Assim, se me permite, tenho algumas dicas:
– Torne-se efetiva na sua boa vontade. Empodere a mulher que estiver atendendo. Humanize o seu atendimento. Conheça o que diz a Medicina Baseada em Evidências com relação ao atendimento à gestante e à mulher parturiente. Conheça as remomendações de boas práticas fornecida pela OMS.
– Aprenda que “ser médica de tirar nenê” é diferente de ser uma parteira. Escolha o que quer ser. Compreenda a sublime missão de assistir a um parto e garantir a assistência que for necessária, se for necessária.
Minha mensagem não chega à você de forma gratuita. A cidade precisa de profissionais humanizados. Carecemos de Obstetras comprometidos com a humanização do parto.
Não precisa responder agora, nem pra mim, nem pra ninguém. Pense, estude, pesquise, informe-se, duvide. A pressão para barrar a mudança é grande e poderosa, mas o amor que surge e contagia está chegando. Isso. A mulher no centro do processo e uma equipe tratando-a com consideração, com amor, e conhecendo técnicas de alívio não farmacológicos para a dor e desconforto; como recepcionar o bebê com o mínimo de desconforto para o bebê e para a mãe, conscientes do momento precioso que estão vivenciando, favorecendo o estabelecimento precoce de vínculo, colaborando para o sucesso do estabelecimento do aleitamento, compreendendo que o parto é um evento intimamente ligado à vida sexual da mulher e do companheiro dela, que isso ainda é muito mistificado e que precisa ser respeitado e considerado.

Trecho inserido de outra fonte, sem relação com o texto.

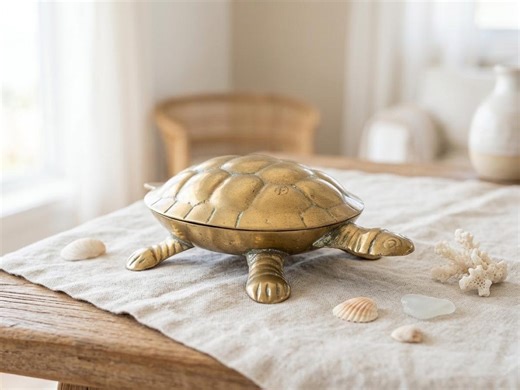Vintage Brass Turtle Trinket Box Jewelry Box Coastal Decor Hinged Turtle Keepsake Box Beach House Nautical Decor Gift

Assim que você começar a estudar a respeito, verá que as praticas atuais, padronizadas e protocolares estão diametralmente opostas ao que é necessário que seja feito.
Assim que você começar a se informar poderá escolher. Escolher seguir em frente e descobrir o que há para ser descoberto, ou voltar atrás e fazer de conta que você não conheceu uma doula atuando, nem um parto sem nenhuma intervenção, nem cortou um cordão após cinco minutos do bebê ter nascido, nem precisou romper bolsa, nem fazer episio…
Lembre-se desse termo em suas buscas: Medicina Baseada em Evidências
Lembre-se de alguns nomes também: Michel Oden, Ricardo Jones, Jorge Khlun, Moysés Paciornik…
Vc pode estar se perguntando, como eu tb me pergunto, por que não se vê essa matéria na graduação? Tb não sei responder a essa pergunta. Talvez será porque as disciplinas são demasiadamente rígidas em seu conteúdo ao ponto de não permitirem influência de mudanças recentes? Leboyer, 1974, mas Michel Oden, tem uma obra editada em português, O Renascimento do Parto, que data de 2002, no Brasil. Isso é muito recente mesmo. Recente e urgente, necessário.
Veja também: http://www.cienciadoiniciodavida.org/principal.htm
É preciso reduzir o número de cesarianas, principalmente as eletivas e as com indicações inconsistentes, as chamadas “desnecesárias”, mas ao mesmo tempo é preciso tornar o parto normal uma experiência rica de sentidos e significados, uma experiência gratificante e satisfatória para a mulher, para que ela queira, deseje vivê-lo. É preciso que o parto seja respeitoso, íntimo e amoroso.
É isso.
Atenciosamente,
Fernanda Leite, doula e mãe da Clarissa, 18meses, nascida em casa, em Parto Domiciliar Planejado, naturalmente, sem intervenções.